## Task to complete
With pictures left out, please repeat word for word the lines from the one containing "Shelf - Image 6" through the end of the records.

● ● ● ● ●

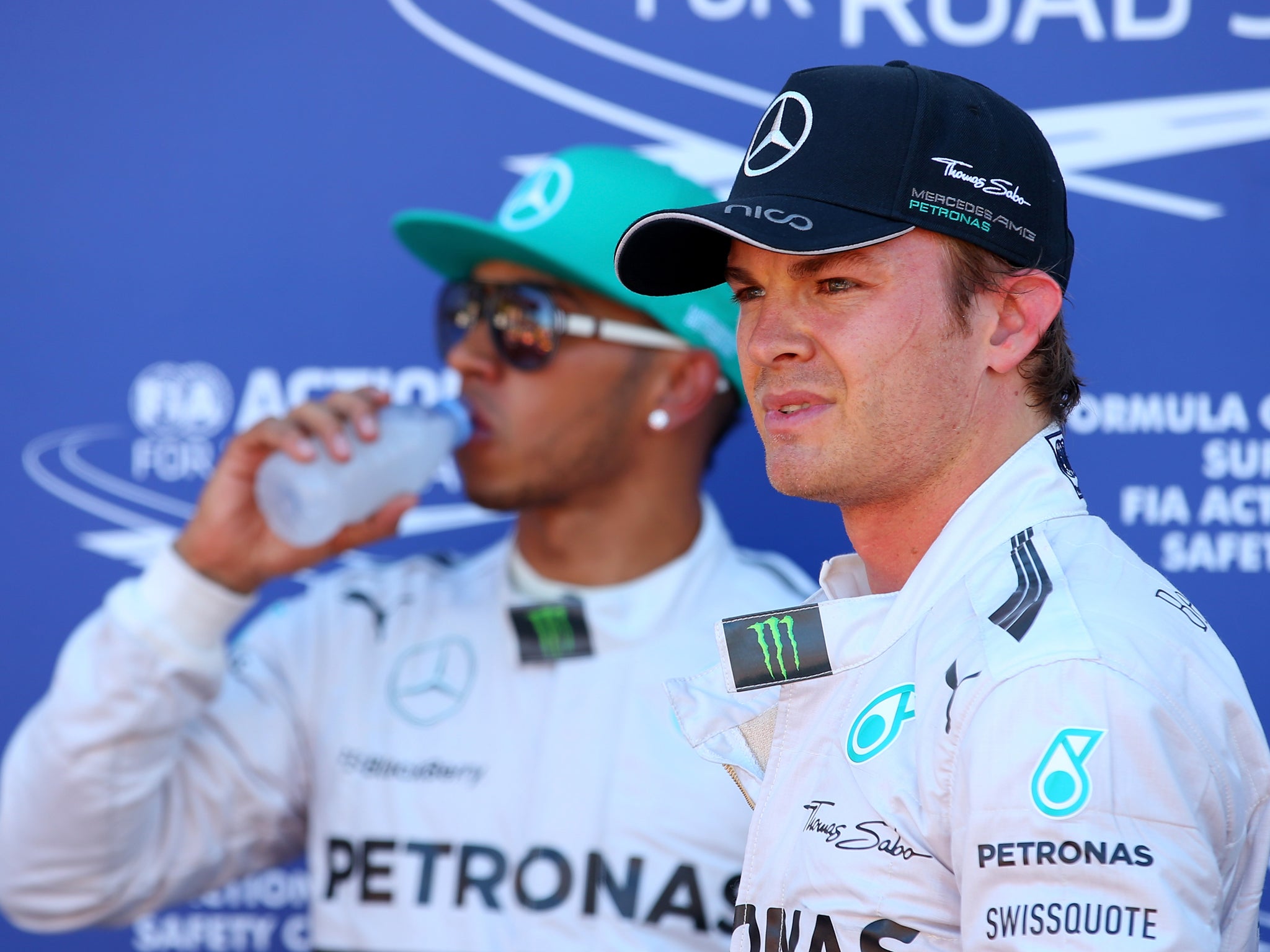 Nico Rosberg and Lewis Hamilton following the Monaco Grand Prix qualifying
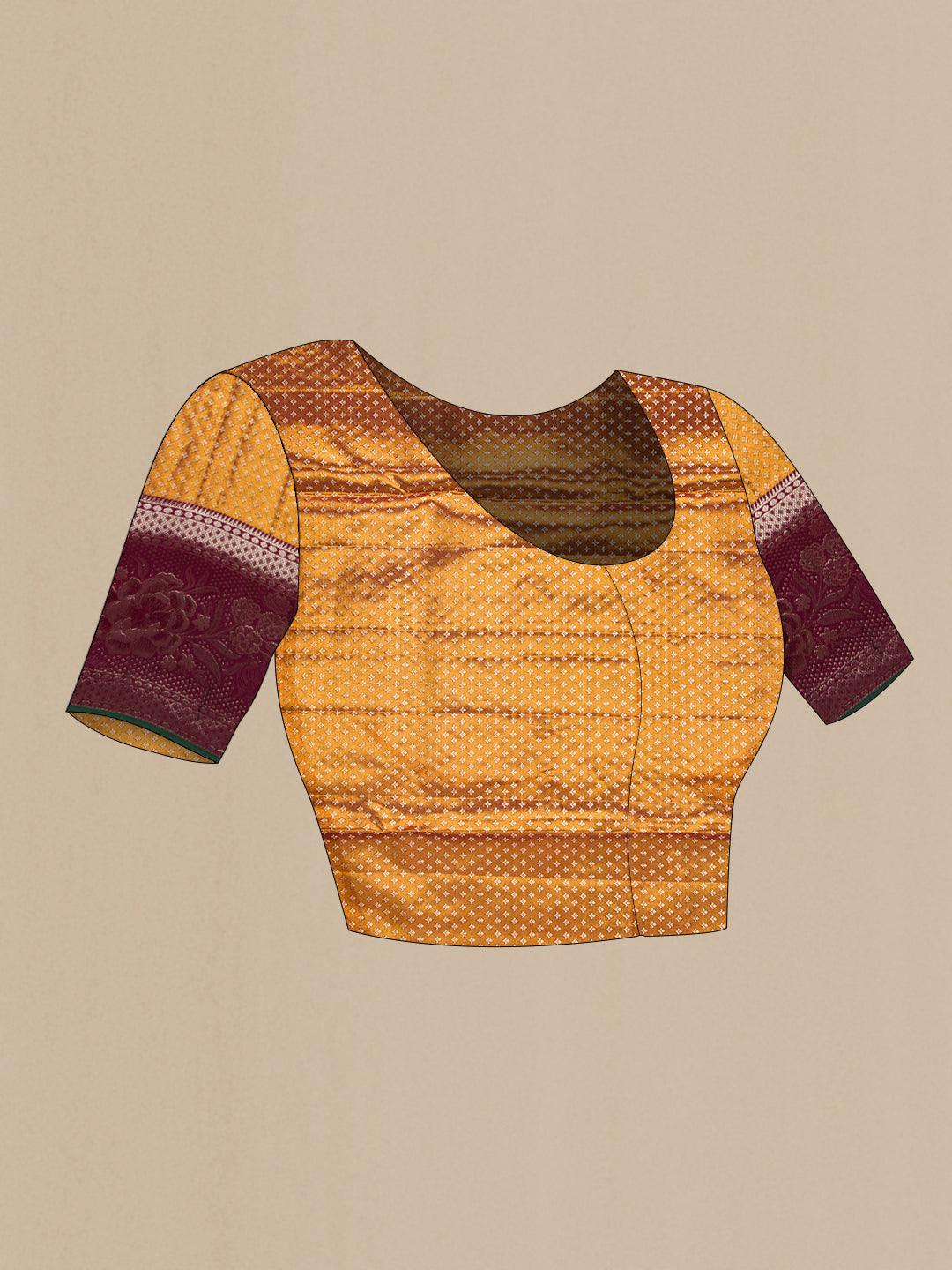 Close up image of the blouse of Gold Dual Tone Kanjivaram Tissue Silk Saree with Zari Brocade on the body and Zari Border. 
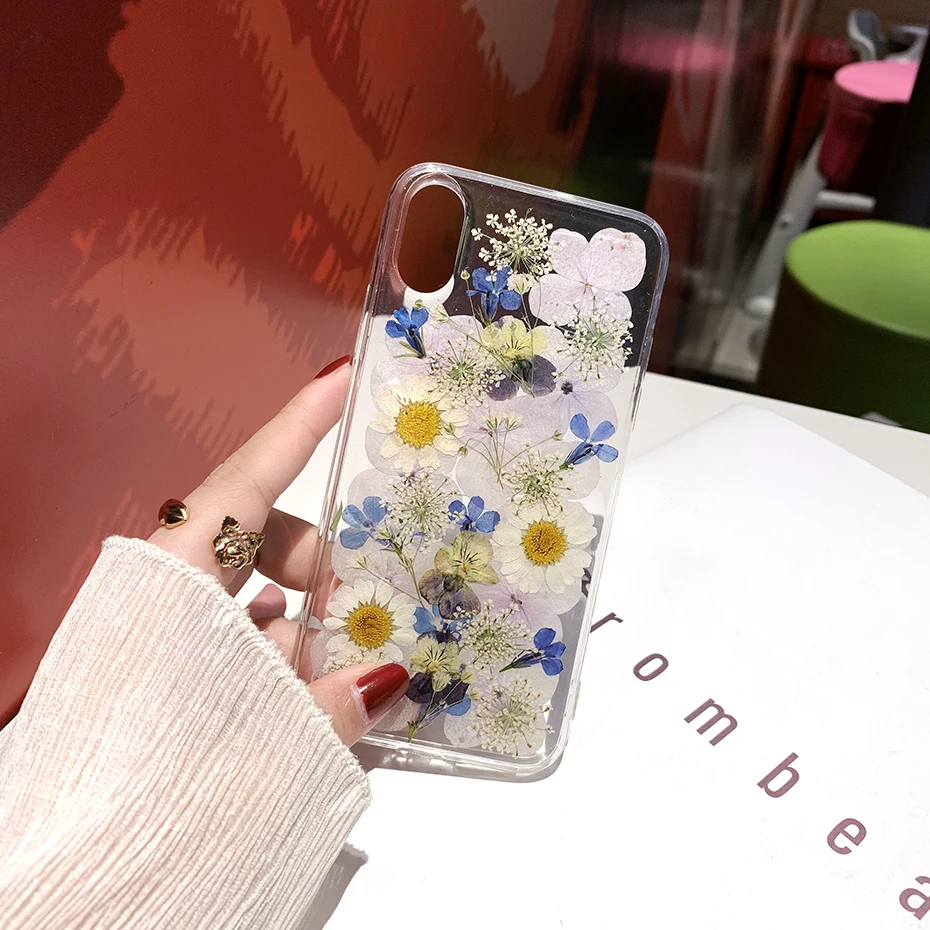 Qianliyao для iPhone X XR XS Max чехлы телефонов натуральный цветок сделай сам высушенный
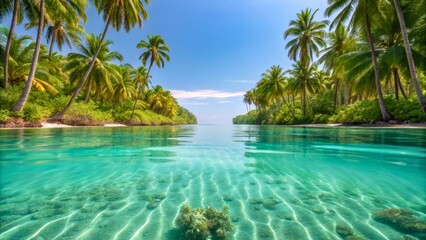 Tranquil Tropical Paradise with Crystal Clear Water and Lush Palm Trees in Sunlight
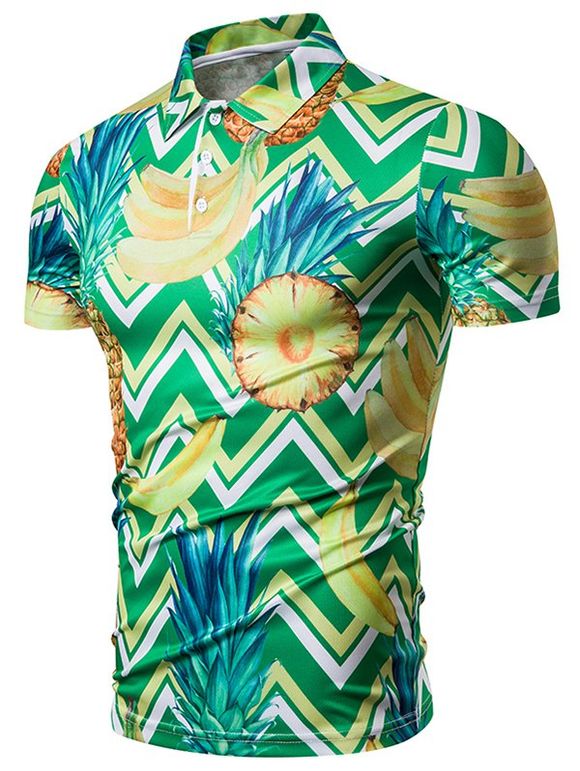 T-shirt Zigzag Ananas Imprimé à Col de Chemise - Vert 2XL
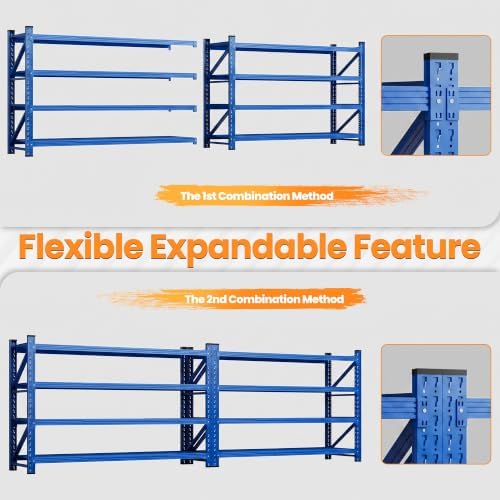 71.3” Wide Heavy Duty Metal Garage Shelving, Adjustable Storage Shelf - Image 6
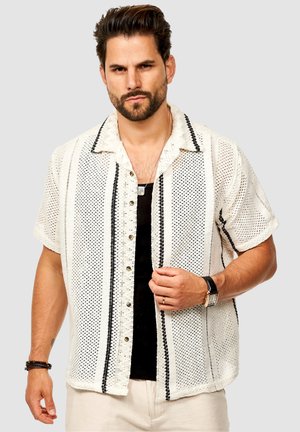 KURZARM STRIPE - Shirt - ecru-navy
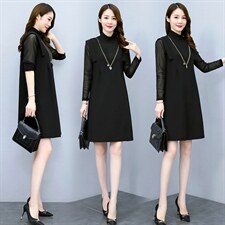 2025秋季新款气质时尚百搭打底裙子针织秋冬连衣裙显瘦女装假两件,女装连衣裙,盈茜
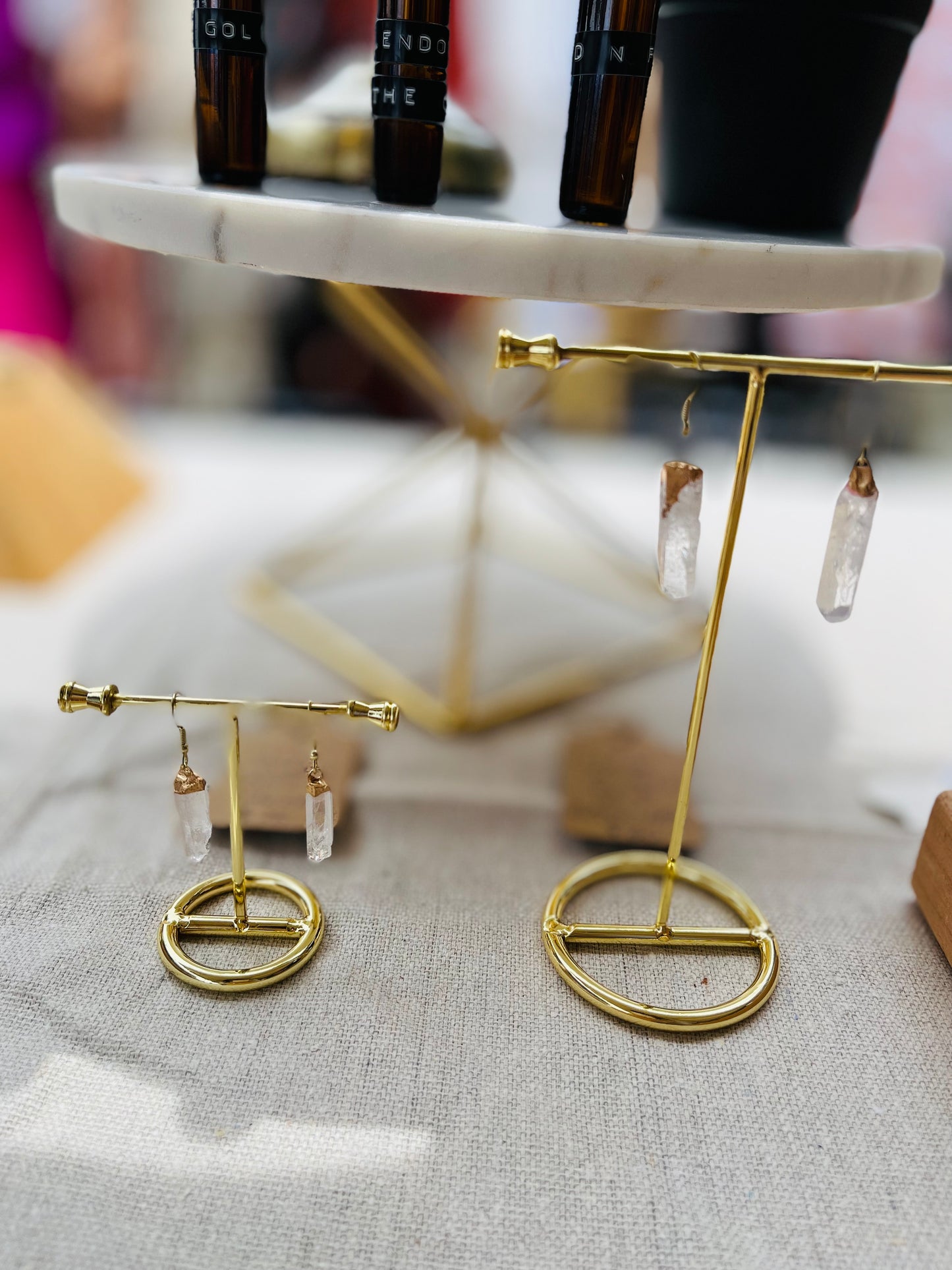 Clear Quartz Drop Earrings LG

● ● ● ● ●

## Exercise result
 71.3” Wide Heavy Duty Metal Garage Shelving, Adjustable Storage Shelf - Image 6
 KURZARM STRIPE - Shirt - ecru-navy
 2025秋季新款气质时尚百搭打底裙子针织秋冬连衣裙显瘦女装假两件,女装连衣裙,盈茜
 Clear Quartz Drop Earrings LG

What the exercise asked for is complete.